I’d spent weeks searching for cheap airfares so I could take my children south for a summer reunion of the Daniel clan, my maternal relatives.
Instead, I flew alone on a bereavement fare to Alabama last week and helped bury Aunt Ora, the matriarch of our far-flung family.
It’s a ritual familiar to middle-aged California transplants like me. Relatives back home age and drop off the family tree like autumn leaves, forcing funeral trips that upend our plans, max out credit cards and reshuffle roles and responsibilities.
And teach us that family bonds can be stretched, but not broken by geography.
There was a lot to get used to when I moved from Cleveland to Los Angeles at 23. Sipping margaritas poolside on Christmas Eve. Neighbors who spoke Spanish, Afrikaans, Hebrew or Farsi. The notion of flip-flops as formal footwear for a fancy wedding on the beach.
I noticed the pride native Californians took in their families’ local longevity. “I’m fifth generation,” new acquaintances would proclaim, as if to distinguish themselves from new emigres, who hadn’t known what we were missing until we saw the Rose Parade on TV.
By contrast, my family’s pride centered not on being rooted in one place, but on our journey up, out and away from our center, into new lives of comfort and prosperity.
My mother’s family grew up on a farm in Alabama in an era when graduating from high school was a reach. One by one, she and her siblings headed north to find work in the 1940s; most of them landed in Ohio.
In half a century in Cleveland, my mother, her brother and three sisters never lived more than a few miles from one another. In hard times, our families doubled up. Cousins grew up more like sisters and brothers; a week didn’t pass without us seeing one another.
Every summer, we vacationed together on the family farm, which had no electric power or running water. We bathed in big silver tubs, washed our clothes in the stream, held our noses in the outhouse.

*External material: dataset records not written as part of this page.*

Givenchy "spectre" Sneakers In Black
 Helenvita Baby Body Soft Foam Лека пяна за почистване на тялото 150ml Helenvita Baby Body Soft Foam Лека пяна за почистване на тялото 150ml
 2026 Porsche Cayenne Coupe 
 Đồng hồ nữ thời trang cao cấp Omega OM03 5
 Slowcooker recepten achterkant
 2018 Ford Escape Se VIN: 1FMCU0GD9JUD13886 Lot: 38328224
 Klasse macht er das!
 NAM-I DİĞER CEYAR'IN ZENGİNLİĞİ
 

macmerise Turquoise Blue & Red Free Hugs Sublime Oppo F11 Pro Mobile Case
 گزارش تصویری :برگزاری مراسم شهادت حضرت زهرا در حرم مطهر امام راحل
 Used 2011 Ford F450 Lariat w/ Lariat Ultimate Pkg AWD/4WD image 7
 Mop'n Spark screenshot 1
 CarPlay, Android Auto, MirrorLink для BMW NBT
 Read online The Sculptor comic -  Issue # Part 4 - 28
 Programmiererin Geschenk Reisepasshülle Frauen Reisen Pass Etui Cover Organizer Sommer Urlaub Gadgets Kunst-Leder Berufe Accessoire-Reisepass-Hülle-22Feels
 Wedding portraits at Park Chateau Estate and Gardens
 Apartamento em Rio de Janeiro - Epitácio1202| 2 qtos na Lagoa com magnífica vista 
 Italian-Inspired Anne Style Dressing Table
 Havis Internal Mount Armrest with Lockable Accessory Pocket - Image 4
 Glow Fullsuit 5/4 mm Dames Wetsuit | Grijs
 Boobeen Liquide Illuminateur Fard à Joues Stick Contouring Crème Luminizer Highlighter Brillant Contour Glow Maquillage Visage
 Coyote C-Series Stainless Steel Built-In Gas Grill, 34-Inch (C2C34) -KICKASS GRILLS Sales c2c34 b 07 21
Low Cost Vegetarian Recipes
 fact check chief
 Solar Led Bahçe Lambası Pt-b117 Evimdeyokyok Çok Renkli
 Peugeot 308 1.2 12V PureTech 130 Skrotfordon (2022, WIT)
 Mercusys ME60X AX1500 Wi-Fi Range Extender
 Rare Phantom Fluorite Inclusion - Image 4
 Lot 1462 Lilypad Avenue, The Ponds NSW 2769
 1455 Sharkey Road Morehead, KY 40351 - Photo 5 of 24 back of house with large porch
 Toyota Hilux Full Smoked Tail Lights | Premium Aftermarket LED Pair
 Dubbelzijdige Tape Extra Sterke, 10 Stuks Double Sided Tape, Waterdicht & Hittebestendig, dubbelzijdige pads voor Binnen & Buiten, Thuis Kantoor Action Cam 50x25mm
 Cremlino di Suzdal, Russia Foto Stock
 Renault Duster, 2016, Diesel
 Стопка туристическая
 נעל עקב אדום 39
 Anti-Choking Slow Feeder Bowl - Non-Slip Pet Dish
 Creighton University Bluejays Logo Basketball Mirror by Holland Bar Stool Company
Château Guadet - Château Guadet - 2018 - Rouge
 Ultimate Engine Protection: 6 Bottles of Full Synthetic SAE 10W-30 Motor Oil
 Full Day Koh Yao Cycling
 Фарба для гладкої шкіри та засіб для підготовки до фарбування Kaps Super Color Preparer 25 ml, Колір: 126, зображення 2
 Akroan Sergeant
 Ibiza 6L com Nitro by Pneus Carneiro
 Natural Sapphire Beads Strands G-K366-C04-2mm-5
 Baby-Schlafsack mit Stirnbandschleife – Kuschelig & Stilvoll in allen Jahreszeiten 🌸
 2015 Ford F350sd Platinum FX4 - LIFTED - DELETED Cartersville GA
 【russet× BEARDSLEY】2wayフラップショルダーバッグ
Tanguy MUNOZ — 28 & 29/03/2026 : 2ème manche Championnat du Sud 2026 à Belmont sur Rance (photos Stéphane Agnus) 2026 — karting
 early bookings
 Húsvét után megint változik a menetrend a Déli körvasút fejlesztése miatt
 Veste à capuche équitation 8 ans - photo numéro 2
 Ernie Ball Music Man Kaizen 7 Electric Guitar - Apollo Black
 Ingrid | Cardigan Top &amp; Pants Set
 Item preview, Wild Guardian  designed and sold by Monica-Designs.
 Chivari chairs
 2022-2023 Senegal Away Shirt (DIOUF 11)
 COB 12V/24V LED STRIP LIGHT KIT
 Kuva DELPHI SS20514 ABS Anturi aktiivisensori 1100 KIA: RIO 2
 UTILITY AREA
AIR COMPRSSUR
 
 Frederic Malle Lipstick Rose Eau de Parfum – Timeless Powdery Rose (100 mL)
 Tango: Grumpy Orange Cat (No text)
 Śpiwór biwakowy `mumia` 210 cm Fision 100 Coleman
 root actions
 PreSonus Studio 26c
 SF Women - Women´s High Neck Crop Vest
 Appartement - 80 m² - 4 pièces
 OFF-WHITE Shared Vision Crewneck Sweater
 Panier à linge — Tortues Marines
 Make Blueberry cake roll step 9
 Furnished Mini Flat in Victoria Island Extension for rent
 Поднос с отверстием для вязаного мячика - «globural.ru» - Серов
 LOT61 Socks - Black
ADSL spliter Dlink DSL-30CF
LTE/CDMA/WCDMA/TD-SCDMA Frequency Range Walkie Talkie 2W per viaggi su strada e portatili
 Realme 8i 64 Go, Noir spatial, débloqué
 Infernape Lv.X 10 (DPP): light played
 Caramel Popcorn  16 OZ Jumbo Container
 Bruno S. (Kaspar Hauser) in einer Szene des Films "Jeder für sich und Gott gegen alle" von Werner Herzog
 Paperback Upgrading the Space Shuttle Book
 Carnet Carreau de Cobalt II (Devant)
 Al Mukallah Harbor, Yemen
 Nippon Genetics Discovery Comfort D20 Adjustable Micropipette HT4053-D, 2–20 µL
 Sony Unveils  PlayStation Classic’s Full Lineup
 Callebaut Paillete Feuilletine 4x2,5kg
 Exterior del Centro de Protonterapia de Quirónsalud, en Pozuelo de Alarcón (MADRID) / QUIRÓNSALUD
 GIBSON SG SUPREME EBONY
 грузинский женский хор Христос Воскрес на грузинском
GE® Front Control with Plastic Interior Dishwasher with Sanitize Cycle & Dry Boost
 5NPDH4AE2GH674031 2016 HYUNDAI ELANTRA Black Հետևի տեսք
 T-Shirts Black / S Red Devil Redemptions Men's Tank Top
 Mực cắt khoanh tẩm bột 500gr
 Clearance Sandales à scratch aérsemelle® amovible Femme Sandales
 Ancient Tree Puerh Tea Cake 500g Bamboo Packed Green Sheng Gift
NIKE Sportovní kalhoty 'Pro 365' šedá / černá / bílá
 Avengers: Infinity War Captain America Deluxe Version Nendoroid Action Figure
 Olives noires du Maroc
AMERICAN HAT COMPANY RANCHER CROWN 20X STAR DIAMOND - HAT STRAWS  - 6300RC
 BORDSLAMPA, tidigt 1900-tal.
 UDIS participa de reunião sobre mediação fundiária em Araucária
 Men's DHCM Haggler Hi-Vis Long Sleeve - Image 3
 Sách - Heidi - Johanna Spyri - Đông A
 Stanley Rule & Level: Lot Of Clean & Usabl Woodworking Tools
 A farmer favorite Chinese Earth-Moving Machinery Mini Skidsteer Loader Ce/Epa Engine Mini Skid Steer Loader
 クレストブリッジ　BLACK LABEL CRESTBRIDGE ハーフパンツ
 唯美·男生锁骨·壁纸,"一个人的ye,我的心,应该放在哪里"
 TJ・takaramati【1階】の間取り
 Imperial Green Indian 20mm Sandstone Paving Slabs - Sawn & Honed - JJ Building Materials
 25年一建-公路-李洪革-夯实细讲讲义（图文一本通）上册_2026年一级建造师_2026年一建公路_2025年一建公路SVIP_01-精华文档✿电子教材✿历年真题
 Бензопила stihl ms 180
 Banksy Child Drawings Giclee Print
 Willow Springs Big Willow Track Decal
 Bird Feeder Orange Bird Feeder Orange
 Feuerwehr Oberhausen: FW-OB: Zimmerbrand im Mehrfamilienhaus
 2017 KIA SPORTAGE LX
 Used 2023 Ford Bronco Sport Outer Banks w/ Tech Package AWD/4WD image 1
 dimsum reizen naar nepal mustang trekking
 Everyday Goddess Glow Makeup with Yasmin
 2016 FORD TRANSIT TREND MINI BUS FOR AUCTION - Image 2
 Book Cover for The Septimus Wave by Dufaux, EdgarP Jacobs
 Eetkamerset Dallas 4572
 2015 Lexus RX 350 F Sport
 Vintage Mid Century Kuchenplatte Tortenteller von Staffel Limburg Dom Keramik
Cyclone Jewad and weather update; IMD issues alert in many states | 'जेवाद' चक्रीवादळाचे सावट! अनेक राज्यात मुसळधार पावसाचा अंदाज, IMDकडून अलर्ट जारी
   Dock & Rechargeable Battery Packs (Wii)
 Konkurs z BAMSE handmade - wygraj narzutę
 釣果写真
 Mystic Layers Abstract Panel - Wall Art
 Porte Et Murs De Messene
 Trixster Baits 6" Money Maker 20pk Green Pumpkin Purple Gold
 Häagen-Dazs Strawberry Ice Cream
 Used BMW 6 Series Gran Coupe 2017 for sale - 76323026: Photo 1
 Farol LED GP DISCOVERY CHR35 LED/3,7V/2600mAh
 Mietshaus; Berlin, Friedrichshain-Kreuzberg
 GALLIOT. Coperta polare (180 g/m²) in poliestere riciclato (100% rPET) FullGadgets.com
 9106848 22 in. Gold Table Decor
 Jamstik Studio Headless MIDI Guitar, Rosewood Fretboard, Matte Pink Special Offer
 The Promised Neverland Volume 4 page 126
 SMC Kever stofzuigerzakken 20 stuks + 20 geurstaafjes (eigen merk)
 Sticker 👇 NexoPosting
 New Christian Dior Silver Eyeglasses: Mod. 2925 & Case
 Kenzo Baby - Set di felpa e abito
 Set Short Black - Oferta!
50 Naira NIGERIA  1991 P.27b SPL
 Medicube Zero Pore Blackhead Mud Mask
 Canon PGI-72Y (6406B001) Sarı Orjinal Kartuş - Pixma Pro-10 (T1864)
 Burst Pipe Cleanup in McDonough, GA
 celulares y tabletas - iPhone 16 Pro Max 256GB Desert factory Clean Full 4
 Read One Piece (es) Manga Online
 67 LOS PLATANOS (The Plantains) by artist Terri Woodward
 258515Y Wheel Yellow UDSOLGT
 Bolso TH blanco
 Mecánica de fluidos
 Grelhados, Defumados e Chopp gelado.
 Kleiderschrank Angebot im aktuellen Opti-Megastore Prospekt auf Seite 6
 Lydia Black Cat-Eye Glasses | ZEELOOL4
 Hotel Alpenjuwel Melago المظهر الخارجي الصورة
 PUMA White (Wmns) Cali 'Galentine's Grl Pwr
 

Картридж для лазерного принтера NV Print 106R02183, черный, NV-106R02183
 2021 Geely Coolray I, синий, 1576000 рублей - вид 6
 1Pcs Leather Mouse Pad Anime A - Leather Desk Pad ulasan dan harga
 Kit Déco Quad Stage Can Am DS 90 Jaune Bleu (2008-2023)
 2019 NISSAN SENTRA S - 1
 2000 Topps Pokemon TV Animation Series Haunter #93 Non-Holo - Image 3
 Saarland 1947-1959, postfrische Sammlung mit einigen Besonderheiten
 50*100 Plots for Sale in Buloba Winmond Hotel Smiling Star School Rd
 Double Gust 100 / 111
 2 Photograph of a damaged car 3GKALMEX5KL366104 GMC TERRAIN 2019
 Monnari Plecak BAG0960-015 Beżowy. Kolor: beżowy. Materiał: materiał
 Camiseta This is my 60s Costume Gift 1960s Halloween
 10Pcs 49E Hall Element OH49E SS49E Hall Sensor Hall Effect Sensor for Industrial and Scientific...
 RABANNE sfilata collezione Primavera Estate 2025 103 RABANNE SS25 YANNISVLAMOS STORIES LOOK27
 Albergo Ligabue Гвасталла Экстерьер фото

And never realized how much we’d miss feeding chickens and slopping hogs until our grandparents died and the visits stopped.
My cousins and I were an upwardly mobile bunch. College scholarships, military careers and professional choices scattered us -- to California; Indiana; Washington, D.C.; Nevada; New York; Oregon. Meanwhile, our elders returned to Alabama.
We stayed in touch, sent pictures of our kids and gathered when we could for holidays, birthdays and weddings . . . and now a steady stream of funerals.
Our mourning and celebrations had the same hallmarks. We bickered and joked, shared childhood stories and tried not to notice our own aging process.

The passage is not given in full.